=== Section Start ===

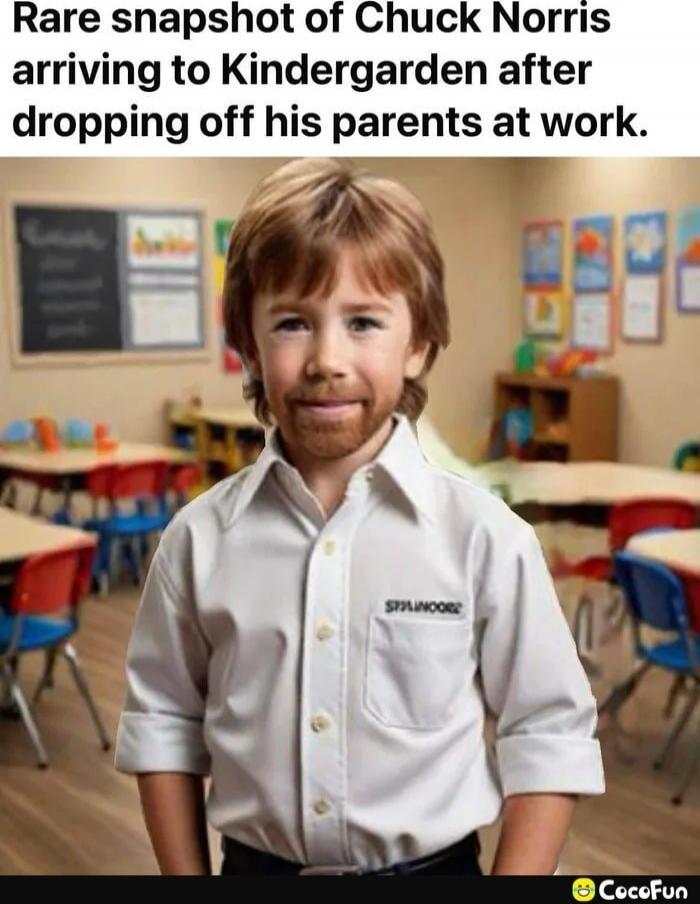 Rare snapshot of Chuck Norris arriving to Kindergarten after dropping off his parents at work.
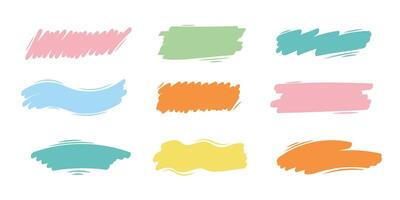 hand- getrokken gemakkelijk kleurrijk kader set. Golf vorm borstel pen lijn beroerte kattebelletje element. vector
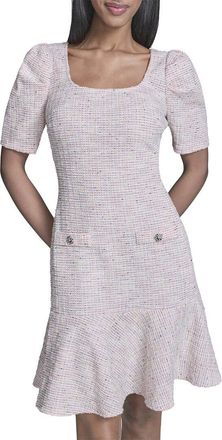 Karl Lagerfeld Karl Lagerfeld Square Neck Knit Tweed Dress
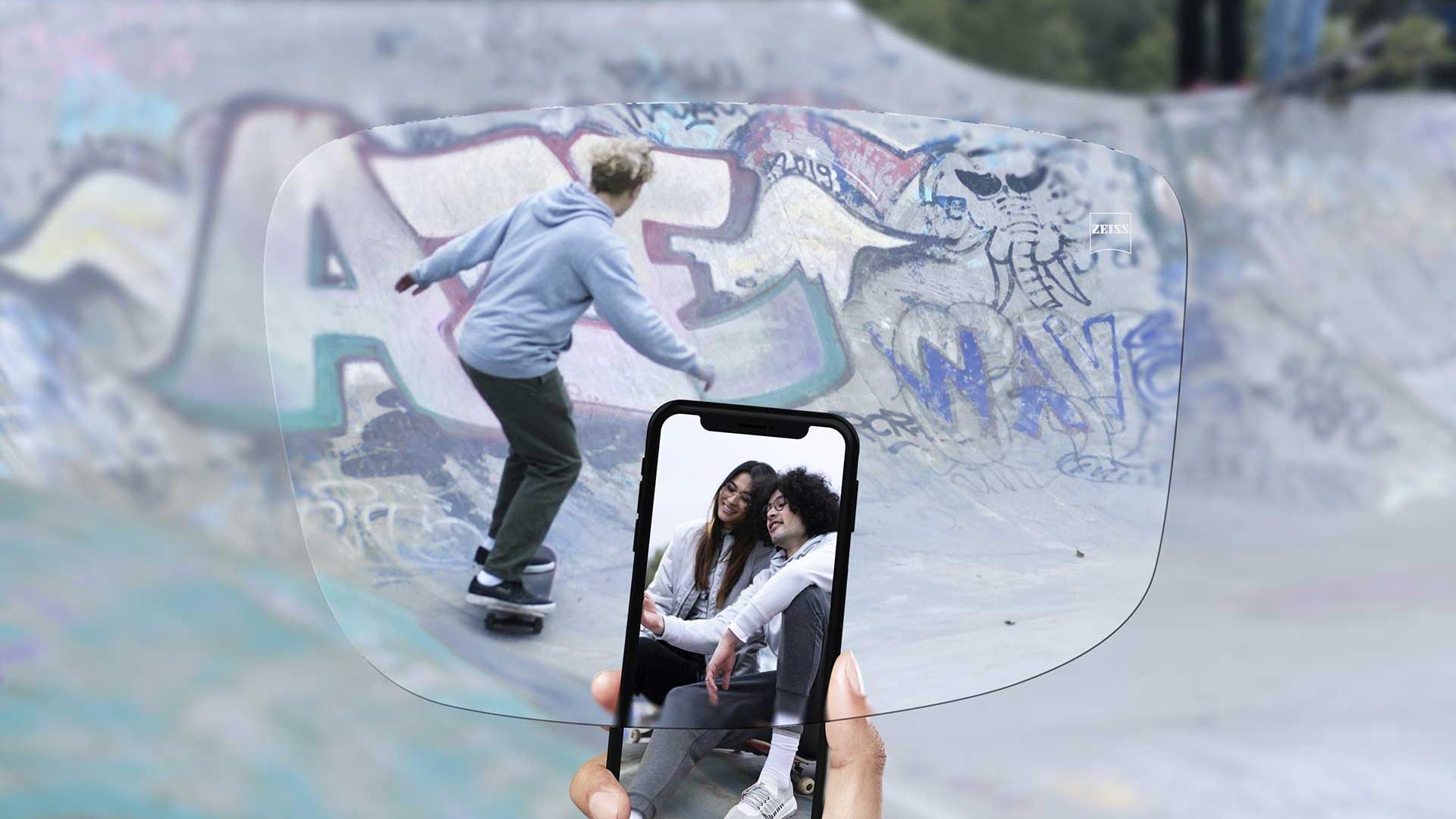 View of a skate park through ZEISS Single Vision SmartLife lenses.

=== Section End ===

§ **Work required**: Exactly the lines running from the one with "Karl Lagerfeld Karl" through the end of the listing above must be output, both ends included. No pictures belong in the output.

§ **Answer to the problem**:
 Karl Lagerfeld Karl Lagerfeld Square Neck Knit Tweed Dress
 View of a skate park through ZEISS Single Vision SmartLife lenses.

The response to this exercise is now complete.